Architecture students end their semesters sleep-deprived and often half-mad with caffeine, standing before juries of professors and peers. They try to sound coherent while explaining their final projects’ renderings and models and their visions of improving cityscapes. Once the course grades come in, the drawings and 3D constructions typically get stashed away in dorm rooms or university cupboards, never to be seen again, or perhaps to be pulled out occasionally with cringes or misty-eyed pangs by architects who changed their styles again and again during long careers.
At a few architectural institutions, however, there will be no forgetting of youthful submissions anymore. Librarians and archivists are creating searchable databases of classroom projects and competition entries produced in the last century. The digitized images reveal what students have imagined building without real-world limitations of budget or even rules of gravity—why not, before you actually have to earn a living, think about adding islands full of obelisks to the Manhattan shoreline or hanging urban observation pods from streetlights?
“It’s the impossible dreams” that turn up in the classwork records, explains Steven Hillyer, the director of the architecture school archive at the Cooper Union in Manhattan.
The Van Alen Institute in New York is posting over a century’s worth of student proposals, starting with rather elitist ideas for yacht harbors and riding schools. The Cooper Union has excavated classroom work dating back to curvaceous hot dog stand concepts suggested for the 1939 World’s Fair, and a comprehensive database of the material—even including transcripts of students’ presentations and teachers’ remarks—is scheduled to go live in the next year or so.
In the early 1900s, as the databases in progress show, ethnically diverse students from humble backgrounds made inroads in the WASP-dominated architecture profession and went on to fame. The Van Alen boxes contain ideas for neoclassical and Art Deco compounds from the 1920s and ‘30s by the future influential modernists Percival Goodman, Max Abramowitz and George Nelson. In the institute’s late 1930s entries, Minoru Yamasaki, the future designer of the World Trade Center, sketched prophetic pairs of blocky towers.

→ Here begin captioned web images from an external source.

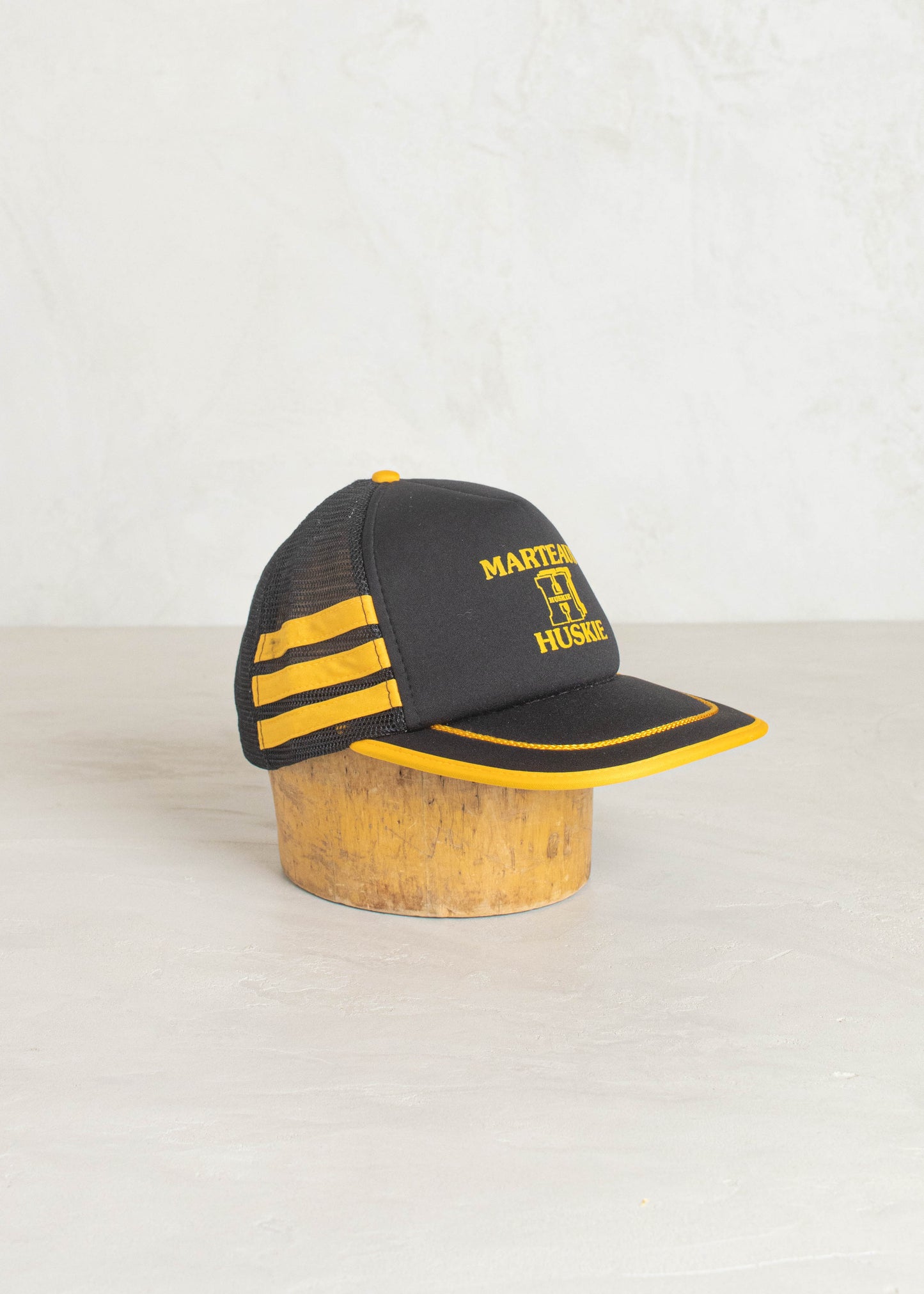 1980s AJM Marteaux Huskie Trucker Hat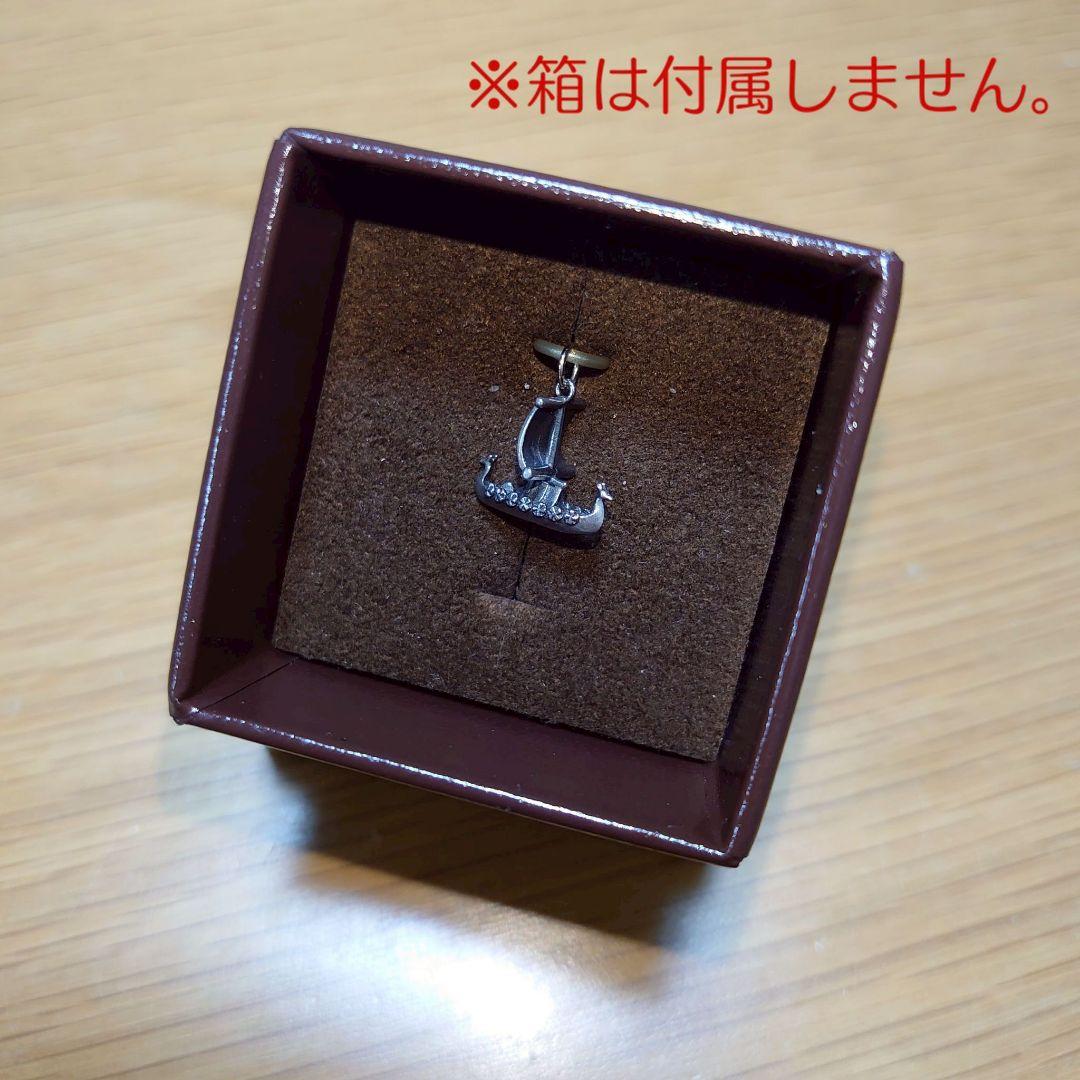 agete シルバーピアスチャーム（片耳用）(船)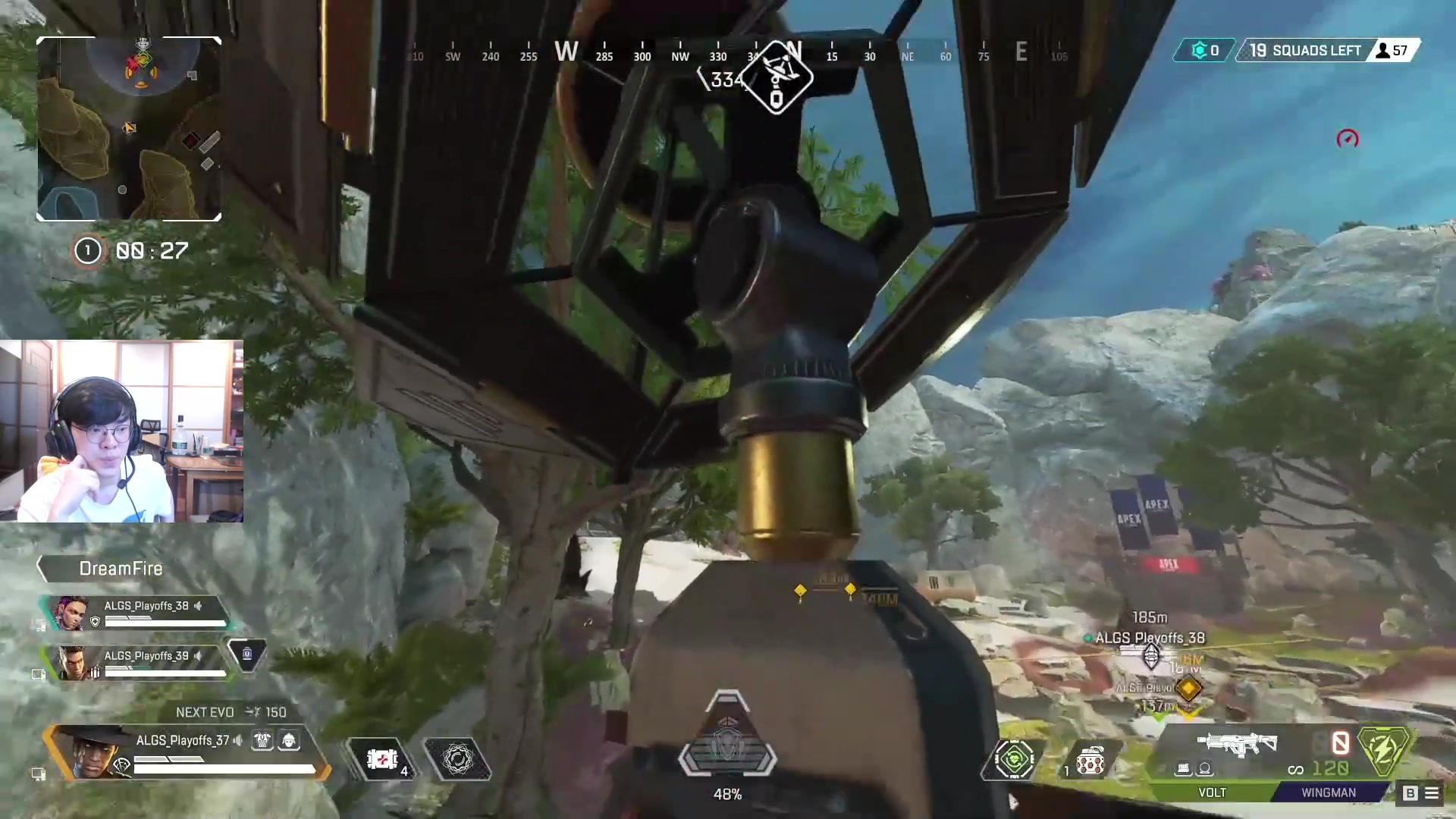 【2023-07-13 18点场】Jackyar：一起观看盛大的ALGS吧！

Every 20th-century shift in architectural tastes is recorded in the archives, as teachers encouraged students to experiment with forms and materials. By the 1960s, the Cooper Union’s future starchitect Daniel Libeskind was penciling in zigzag building footprints that soon became his professional trademark on landmarks like the Jewish Museum Berlin. In the 1970s, the school’s future starchitect Liz Diller, known for collaborations at Lincoln Center and the High Line, handed her professors some enigmatic renderings of masonry walls spiraling around corrals made of picket fencing and barbed wire.
In the 1980s, another future starchitect, Laurie Hawkinson, imagined traveling around in a Cinetrain, with rail cars full of cameras, projectors, film editing equipment, and screening rooms. As the train would roll across the landscape, Hawkinson told her teachers, “Spectator becomes both actor and audience.”
Hawkinson says her Cinetrain ideas have stayed with her; they have influenced, for instance, one of her public art installations, a giant red outdoor megaphone called the Freedom of Expression National Monument. She fondly remembers her Cooper Union days of time to think: “It was such a luxury and a gift,” she says.
The prominent architect and educator Karen Bausman likewise is a little nostalgic for her formative years at the Cooper Union in the 1980s, when she proposed cantilevering a “One-Way Bridge.” Its walkway to nowhere, she wrote at the time, “cannot distinguish the difference of footsteps offered with trepidation or with an imperious gate.” The drawings, she says now, “look as fresh as the day I stopped working on them.”
The Van Alen database contains proposals as loopy as Antarctic homes that look like overlapping Spirographs and a conversion of the Brooklyn Bridge into food stalls and apartments tucked beneath archways.
At the Cooper Union, among the most lovably impractical suggestions is Dominic Kozerski’s 1990s inhabitable metal pod that urban observers could hang from lampposts. It was meant to be used, he told his teachers, to study how “the illegible text of the inhabited city inscribes itself on the clear text of the planned legible city.” The classroom transcript shows that his professors praised him for introducing “a way, yes, a new way, another way of seeing our city.”
The database, Hillyer says, can be expanded as alumni and their loved ones come forth with memories and uncover documentation of schooldays squirreled away in storage: “I think we’re going to get a lot of blank-filling-in.”